On one hand, these platforms can help maintain close connections; on the other, they can expose individuals to interactions with attractive alternatives, potentially leading to jealousy and insecurity. This dual nature of social media sparked the researcher’s interest in understanding how specific online behaviors might buffer anxious individuals against these threats.

“I have been interested in how people perceive threats to their romantic relationships for quite some time, but I wanted to apply it to today’s current dating world with the use of social media and dating apps,” said study author Alexandra E. Black, a postdoctoral scholar at the Social Connection and Positive Psychology Lab at Arizona State University.

“Questioning a romantic partner’s commitment level when they are interacting with attractive others is not a new concept, but the introduction of social media has complicated these types of interactions. With physically attractive people readily available on social media sites like Instagram and TikTok (a study I’m currently working on), it can be difficult for people to feel satisfied and committed in their relationships.”

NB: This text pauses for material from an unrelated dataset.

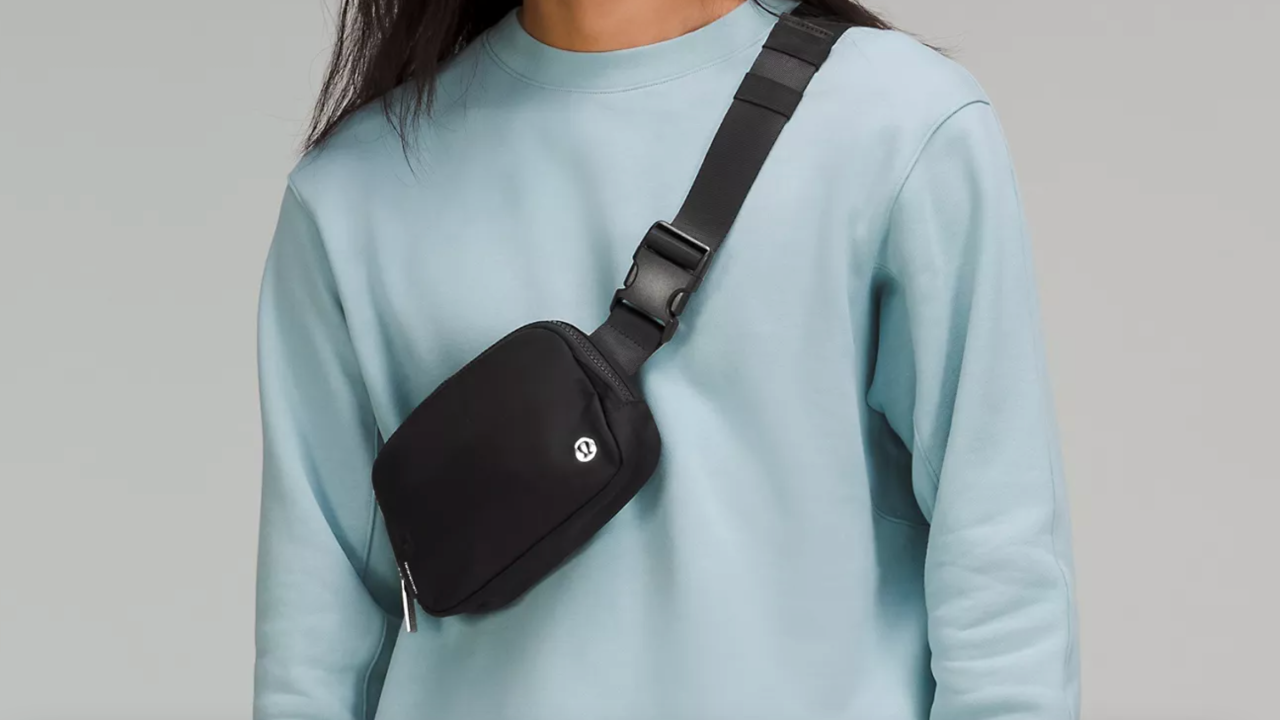 The lululemon All over the place Belt Bag Is Again in Inventory Proper Now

“I wanted to answer the question of what a romantic partner can do that signals they are committed to help ease the other person’s anxiety and allow them to feel more secure in their relationship.”

The research consisted of multiple phases, including two pilot studies and two main experiments. The first pilot study involved 240 undergraduates listing online behaviors that signal relationship commitment. This resulted in a list of 81 behaviors, which was later condensed to 24 through a second pilot study involving 149 undergraduates who rated the likelihood and perceived commitment of these behaviors.

In the first experiment, 900 participants were randomly assigned to evaluate vignettes where hypothetical partners either performed or did not perform these commitment-signaling behaviors. Participants then rated the perceived commitment level of the partner. This phase identified the top four behaviors that most effectively communicated commitment: deleting dating apps, ignoring flirtatious messages, indicating relationship status, and unfollowing alternative threats.

“If you are trying to determine if someone you’ve just started dating is committed to you, pay attention to how they interact with attractive people on social media,” Black told PsyPost. “Are they still responding to flirtatious DMs? Have they deleted their dating apps? These behaviors can signal important information about how your partner views your relationship.”

The second experiment tested these behaviors in a more experimental setting. Participants were presented with a hypothetical scenario where they discovered their partner interacting intimately with an attractive alternative on social media. They were then randomly assigned to read either a high-commitment response from their partner (e.g., stating they told the alternative they were in a relationship and unfollowed them) or a neutral response (e.g., discussing a funny video). Participants’ feelings of relationship security and satisfaction were measured before and after these manipulations.

Black found that individuals with high attachment anxiety reported significantly higher levels of discomfort, worry, and jealousy when imagining their partner interacting with an attractive alternative on social media. This confirmed that such scenarios are particularly distressing for anxious individuals.

Interestingly, the partner’s high-commitment behaviors on social media successfully increased perceived partner commitment and the perceived devaluation of alternatives, regardless of the participant’s attachment style. However, these behaviors did not significantly enhance feelings of security or relationship satisfaction for anxious individuals as hypothesized. This suggests that while explicit commitment signals are important, they might not be sufficient to fully alleviate the deep-seated insecurities and fears associated with attachment anxiety.

“I was surprised that it is not when a partner posts about you or likes your content that most impacts feelings of commitment,” Black said. “Instead, it matters more when a partner is actively shutting down threats from attractive people. It appears, at least from my work, that effective commitment expressions on social media rely less on a presence of the positive and instead require an absence of the negative.”

As with all research, there are limitations. It relied heavily on self-reported measures, which can be biased. The study also focused on individuals in newly formed relationships, which might not capture the dynamics in longer-term relationships.

Future research should explore these findings with more diverse and representative samples, including different cultural backgrounds and relationship types. Additionally, incorporating behavioral measures and longitudinal designs could provide a deeper understanding of how online behaviors influence relationship dynamics over time.

“Currently, I am leading a team of researchers to examine how people perceive their partners’ interactions with alternatives on TikTok,” Black said. “I’m particularly interested in how people perceive their partners’ FYP [For You Page] and if those FYPs contain attractive people. What does that say about your partner if the algorithm is constantly feeding them thirst traps?”

The study, “Responding to threatening online alternatives: Perceiving the partner’s commitment through their social media behaviors,” was published online on June 30, 2023.